Examination of witnesses (Questions 140-159)|
TUESDAY 24 APRIL 2001
140. Can I ask you a few questions about, I
think you call it, your exciting development into the new Telecommunications
Act which put into perspective, I think I am right in saying,
is going to be about a quarter of your budget over the next five
years, the third largest slice of expenditure running at about
£148 million pounds, which I am sure is the sort of amount
needed to be spent to set up the sort of network which will obviously
make the Foreign Office able to fulfil its function that much
more effectively. Now my questions are really directed about the
procurement of the system and the maintenance of it as it becomes
more and more in place in your various posts. Now I notice this
is a partnership, a public/private initiative, and you have a
particular firm engaged. Can you tell me the method, the process,
by which you are procuring and installing the network in the various
posts around the world? I believe it is 50 so far have this.

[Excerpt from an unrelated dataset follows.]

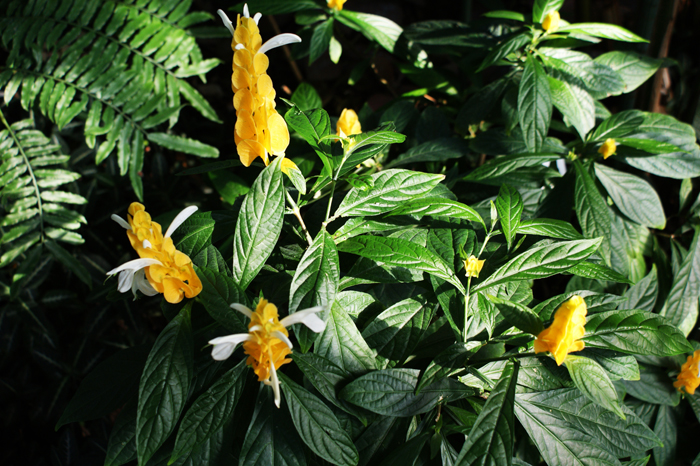 Deutschland: Botanischer Garten Sanssouci 2013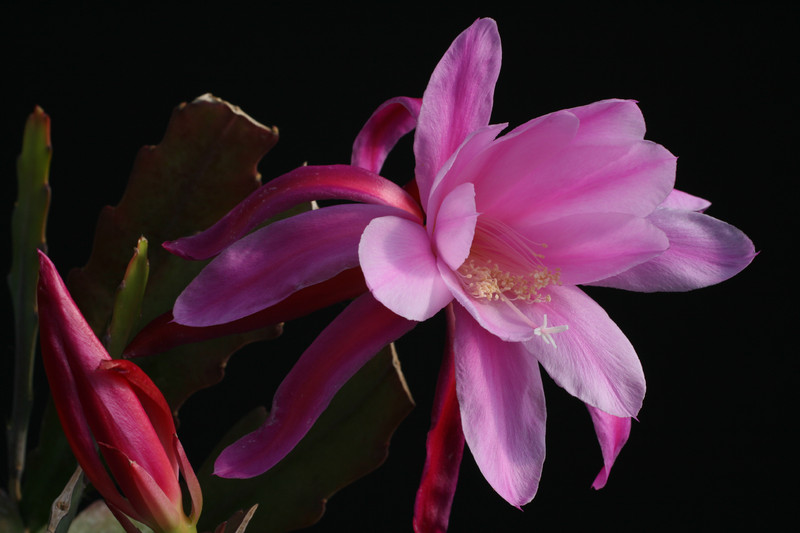 eh cattleya 123 0705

(Sir John Kerr) Yes, I would like to call on Matthew
Kirk, Head of the IT Strategy Unit, who worked with me on the
contract which we signed with Global Crossing on 10 May last summer,
which is the biggest single contract the Foreign Office have ever
signed. The company contracted to provide the service over the
next ten years and we are buying from them a service. It is already
in operation in 40 posts who thus have network links back to the
UK. In Amman, where they were switched on the other day, they
described the feeling as like moving the embassy into King Charles
Street. The Service will reach up to 150 posts by the end of this
yearand this is a point not in the Departmental reportwe
have decided that it will be a false economy not to extend this
IT network to all but our very smallest post. So it will be out
to 210 posts, 99 per cent of our staff overseas, by the end of
next financial year. You are right, it is quite an innovative
financing arrangement as well as quite technologically innovative.
I would like to ask Matthew to describe it.
(Mr Kirk) As Sir John has said, what we are buying
is a set of services, a set of capabilities, if you like, to do
things over the telephone or using messaging, e-mail, telegrams
and so forth or data internet type services at each of our posts.
We are not buying either the technology with which Global Crossing
deliver this or a specific band width to the posts in question.
We specify a level of service that they have to provide and how
much band width is needed to be delivered to that post and the
means by which it is delivered is their decision. They are doing
it very largely by satellite because that is the only reliable
way to get dedicated telecommunications services into our missions
in most of the world. In Western Europe, North America and parts
of the Far East they are doing it by fibre optic cables because
that is a cheaper way of doing it in those parts of the world.
The advantage for us on the financing and procurement side of
this way of doing it is that the huge capital investment required
to lay out the network does not fall to us, it falls to Global
Crossing. We pay for the service as it comes on stream and included
in our service payments over the ten year life of the contract
is the capital investment that they are making very largely in
the last financial year and in this financial year. So at the
time that we are still running our existing communications so
systems that we can carry on working, our service payments to
Global Crossing are relatively small. At the time at which our
existing systems have gone, our service payments will have grown.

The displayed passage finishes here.